MOYEN ANNEXE au présent arrêt
Moyen produit par Me Le Prado, avocat de la société Mafate, et autres
Il est fait grief à l'arrêt attaqué :
D'AVOIR prononcé la nullité de l'apport en numéraire effectué par Monsieur Thierry X... au capital de la SCI MAFATE et la nullité de cette société sur le fondement de la fraude ayant pour conséquence sa dissolution, et, par suite, d'avoir alloué à Madame Catherine Y... la somme de 5.000 à titre de dommages-intérêts en réparation du préjudice moral qui lui a été causé par la constitution frauduleuse de la SCI MAFATE (arrêt attaqué, p. 5) ;
AUX MOTIFS QUE « en principe, Thierry X... pouvait, après s'être acquitté des charges du mariage, librement effectuer l'apport en numéraire litigieux au moyen de ses gains ou salaires (article 223 du Code civil). Ce n'est que si l'apport était constitué par des deniers communs qu'il était tenu de procéder à l'information de son épouse prévue par l'article 1832-2 du Code civil. Il convient d'admettre que tel était le cas, puisque l'intimé ne conclut que sur la prescription de l'action exercée par l'appelante. Le premier juge a considéré à bon droit que l'article 1427 du Code civil, auquel renvoie l'article 1832-2 du Code civil, qui permet au conjoint d'exercer une action en nullité pendant deux années à partir du jour où il a eu connaissance de l'acte par lequel son époux a outrepassé ses pouvoirs sur les biens communs, dérogeait à la règle générale de la suspension de la prescription entre époux édictée par l'article 2253 du Code civil. La cour ne peut également que l'approuver d'avoir dit que le délai de prescription avait commencé à courir dès que l'appelante a eu connaissance de l'existence de la SCI MAFATE, soit au cours de l'année 1999. En effet, rien ne l'empêchait de prendre connaissance des statuts mentionnant les apports de chaque associé et de constater aussitôt le caractère fictif de l'apport en biens propres effectué par son mari, puisqu'elle avait une parfaite connaissance des difficultés financières du donateur. La prescription de l'action engagée sur ce fondement est donc acquise » (arrêt attaqué, p. 4) ;
ET AUX MOTIFS QUE « si Thierry X... avait effectivement disposé de fonds propres pour faire son apport au capital de la société, la communauté n'aurait eu aucun droit sur les parts sociales.
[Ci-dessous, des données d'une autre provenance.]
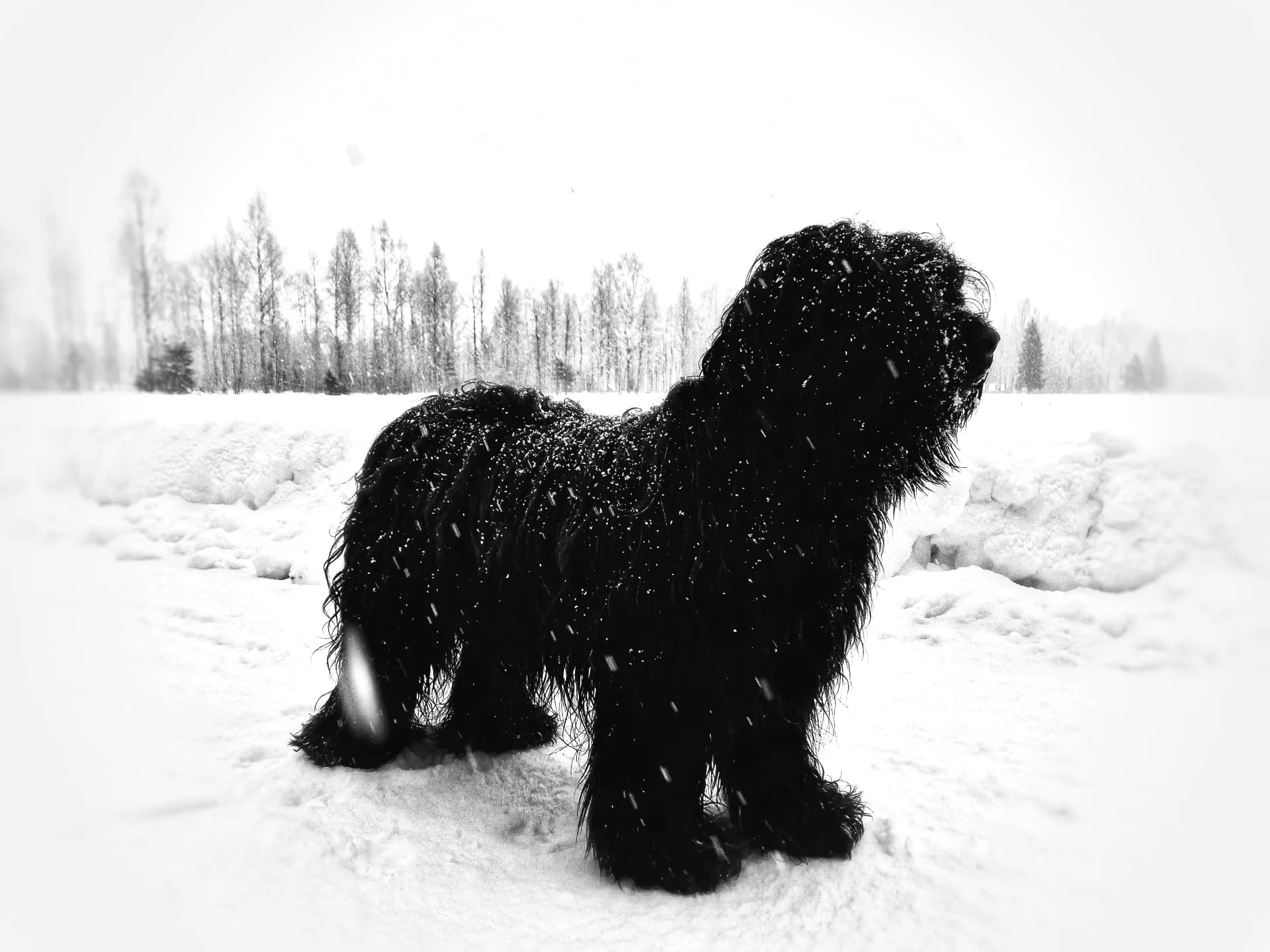 Hawkins beim Autofahren mit Nase im Wind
En établissant que l'apport effectué par son époux est en réalité constitué par un don manuel fictif, l'appelante démontre la fraude de son époux qui, par ce moyen, a voulu porter atteinte à ses droits. L'intimé n'est pas fondé à opposer encore la prescription, car l'action en nullité fondée sur la fraude ne se confond pas avec celle que prévoit l'article 1427 du Code civil et se prescrit donc par trente ans. Il convient donc de prononcer la nullité de l'apport en numéraire au capital de la SCI Mafate effectué par Thierry X.... Cette nullité entraîne par voie de conséquence la nullité de la société, créée dans le seul but de faire échapper les parts sociales de Thierry X... à la communauté, avec la complicité de Madame Catherine B..., seule associée, qui, compte-tenu des liens existant entre eux, ne pouvait ignorer la fraude envisagée et a ainsi concouru à sa réalisation. La nullité de la SCI MAFATE produit les effets d'une dissolution prononcée par justice » (arrêt attaqué, p. 4) ;
ALORS QUE, d'une part, les actes accomplis par un époux, hors des limites de ses pouvoirs, relèvent de l'action en nullité de l'article 1427 du Code civil soumise à la prescription de deux ans et non des textes frappant les actes frauduleux, lesquels ne trouvent à s'appliquer qu'à défaut d'autre sanction ; que l'action fondée sur la fraude et prévue à l'article 1421 du Code civil est par conséquent subsidiaire à celle fondée sur le dépassement de pouvoirs et prévue par l'article 1427 du Code civil ; qu'en examinant l'action sur le fondement qu'elle estimait applicable de l'article 1427 du Code civil puis, parce que cette action était prescrite, sur le fondement de l'article 1421 du Code civil, pour finalement l'accueillir, la Cour d'appel de LYON a méconnu la subsidiarité de l'action fondée sur l'article 1421 du Code civil et, partant, a violé les articles 1421 et 1427 du Code civil ;
ALORS QUE, d'autre part, chacun des époux a le pouvoir d'administrer seul les biens communs et d'en disposer, sauf à répondre des fautes qu'il aurait commises dans sa gestion ; que les actes accomplis sans fraude par un conjoint sont opposables à l'autre ; que si l'un des époux a outrepassé ses pouvoirs sur les biens communs, l'autre, à moins qu'il n'ait ratifié l'acte, peut en demander l'annulation pendant deux années à partir du jour où il a eu connaissance de l'acte, sans pouvoir jamais être intentée plus de deux ans après la dissolution de la communauté ; que l'apport au capital de la SCI MAFATE a été réalisé par Monsieur Thierry X... le 31 janvier 1998 ; que Madame Catherine Y... a eu connaissance de l'existence de cette société et du caractère fictif de l'apport en biens propres effectué par son mari au cours de la première procédure de divorce, en 1999 ; que son action en nullité de la SCI MAFATE était donc prescrite deux années plus tard, soit au cours de l'année 2001 ; qu'en considérant néanmoins que l'action intentée par Madame Catherine Y... le 17 juin 2006 n'était pas prescrite au motif que l'action en nullité fondée sur la fraude ne se confond pas avec celle que prévoit l'article 1427 du Code civil et se prescrit par trente ans, la Cour d'appel de LYON a violé les articles 1421 et 1427 du Code civil.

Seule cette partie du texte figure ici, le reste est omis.